Half of the close reviews I see are close, duplicate of that question. That normally wouldn't be so bad, except at least half of those are only loosely related to the "parent" question.

I wonder how many people were scaring off cause there computer is in a state that won't boot, and they come on here to ask for help and people just close their question with a link to My computer boots to a black screen, what options do I have to fix it?

Some are legit duplicates, some are border line, but a few are just people not reading the question.

So rant aside, are people also seeing the same thing, an over use of "My computer boots to a black screen, what options do I have to fix it?"

Examples:
black screen on boot (DVI) - Radeon 9550/9600/X1050 Series - Lubuntu 13.04 - Not the best posited question, but clearly not a common driver issue. It's a monitor or other issue. The key is after pressing reset it all works. A better course would have been to help the asker clarify the question and get the info we need.

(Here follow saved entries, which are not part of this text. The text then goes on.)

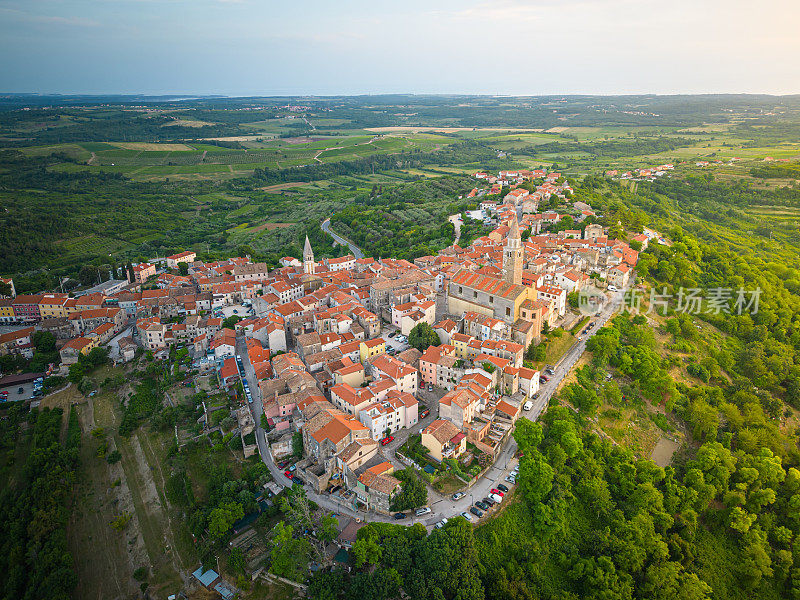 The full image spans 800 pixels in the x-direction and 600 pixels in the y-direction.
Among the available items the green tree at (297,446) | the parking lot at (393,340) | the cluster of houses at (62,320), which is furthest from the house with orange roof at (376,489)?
the cluster of houses at (62,320)

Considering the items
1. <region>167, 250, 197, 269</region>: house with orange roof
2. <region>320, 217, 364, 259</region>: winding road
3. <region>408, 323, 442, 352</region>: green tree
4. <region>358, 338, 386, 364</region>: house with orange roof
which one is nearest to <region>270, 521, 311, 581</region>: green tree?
<region>358, 338, 386, 364</region>: house with orange roof

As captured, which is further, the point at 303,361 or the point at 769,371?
the point at 769,371

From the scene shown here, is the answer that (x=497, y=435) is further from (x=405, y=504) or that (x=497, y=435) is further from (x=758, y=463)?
(x=758, y=463)

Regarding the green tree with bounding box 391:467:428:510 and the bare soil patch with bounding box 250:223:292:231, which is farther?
the bare soil patch with bounding box 250:223:292:231

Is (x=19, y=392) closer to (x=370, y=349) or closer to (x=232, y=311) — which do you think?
(x=232, y=311)

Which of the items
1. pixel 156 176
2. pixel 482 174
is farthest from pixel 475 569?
pixel 156 176

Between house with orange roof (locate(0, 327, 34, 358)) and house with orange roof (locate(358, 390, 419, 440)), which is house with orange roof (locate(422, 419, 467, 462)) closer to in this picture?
house with orange roof (locate(358, 390, 419, 440))

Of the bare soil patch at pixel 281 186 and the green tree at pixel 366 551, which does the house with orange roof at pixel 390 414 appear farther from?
the bare soil patch at pixel 281 186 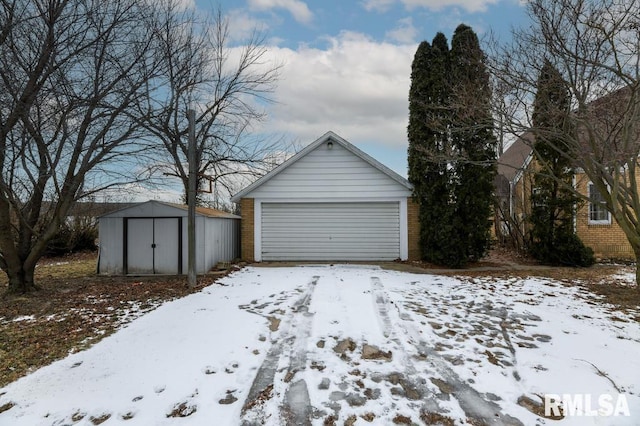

Ubuntu 13.04 boots up with blank screen after update from 12.10 - This might be a legit duplicate, but the linked question isn't helping the asker. It was already closed by the time I saw it. It was in the re-open queue, I advised to open a new question as I thought it would be his best bet. That said a user read the linked question, got nowhere, and updated his question. But the point is. This user is left with no answer, and the perception that,as a community we don't care. I know questions aren't "for one person" but askubuntu isn't a wiki either it's something in between.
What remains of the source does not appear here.